Mittwoch, 23. März 2016

Logging Requests to Elasticsearch

This is something I wanted to write down for years but never got down to completing the post. It can help you a lot with certain Elasticsearch setups by answering two questions using the slow log.

  • Is my application talking to Elasticsearch?
  • What kind of queries are being built by my application?

A while ago I helped a colleague on one of my current projects to debug some problems with Elasticsearch integrated into proprietary software. He was not sure if there are any requests arriving at Elasticsearch and what those look like. We activated the slow log for Elasticsearch, which not only can be used to log the slow queries but also to enable debugging for any queries that reach Elasticsearch.

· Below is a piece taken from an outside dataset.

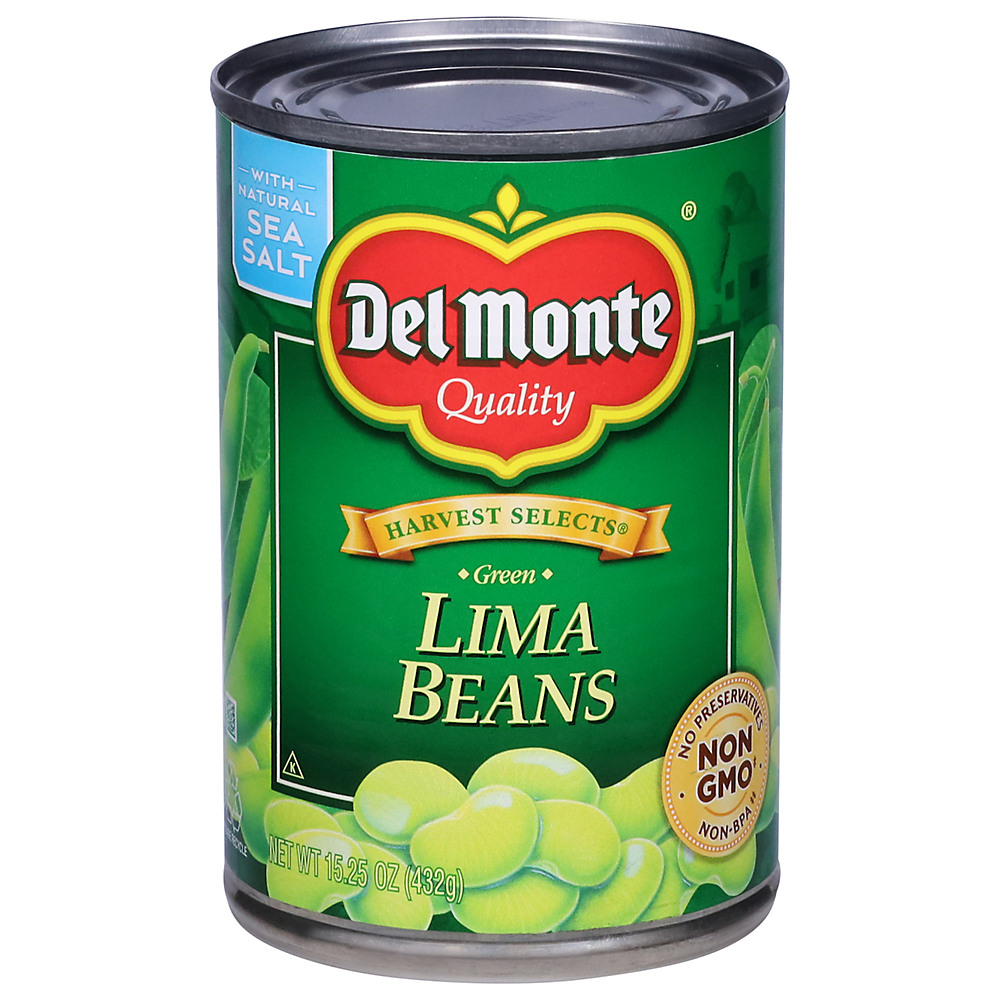 Calories in Del Monte Green Lima Beans, 15.25 oz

The slow log, as the name suggests, is there to log slow requests. As slow is a subjective term you can define thresholds that need to be passed. For example you can define that any queries slower than 50ms are logged in the debug level but any queries that take longer than 500ms in the warn level.

Slow queries can be configured for both phases of the query execution: query and fetch. In the query phase only the ids of the documents are retrieved in the form of a search result list. The fetch phase is where the result documents are retrieved.

Besides the slow query log there is also the slow index log which can be used in the same way but measures the time for indexing.

Both of these settings are index settings. That means they are configured for each index and can therefore be different across indices.

Instance Settings

There are multiple places where you can configure index settings. The first is config/elasticsearch.yml that contains the configuration of the instance. For older versions of Elasticsearch it already contains the lines that are commented out, in newer versions you need to include them yourself. If you want to log all requests at debug level you can just add the following lines and set a threshold of 0s.

index.search.slowlog.threshold.query.debug: 0s
index.search.slowlog.threshold.fetch.debug: 0s
index.indexing.slowlog.threshold.index.debug: 0s

You need to reboot the instance so that the settings are activated. Any indexing and search requests will now be logged to separate log file in the log folder. With the default configuration the logs will be at logs/elasticsearch_index_indexing_slowlog.log and logs/elasticsearch_index_search_slowlog.log. The query log will now contain entries like this:

[2016-03-23 06:43:47,231][DEBUG][index.search.slowlog.fetch] took[5.8ms], took_millis[5], types[talk], stats[], search_type[QUERY_THEN_FETCH], total_shards[5], source[{"query":{"match":{"tags":"Java"}}}], extra_source[]

If you are testing this with multiple shards on one instance you might get more log lines than expected: There will be one line for every shard in the query phase and one line for the fetch phase.

Runtime Settings

Besides the setting in elasticsearch.yml the slow request logs can also be activated using the HTTP API which doesn't require a reboot of the instance and is therefore really well suited for debugging production issues. The following request changes the setting for the query log for an index conference.

curl -XPUT "http://localhost:9200/conference/_settings" -d'
{
    "index.search.slowlog.threshold.query.debug": "0s"
}'

When you are done debugging your issue you can just set a higher threshold again.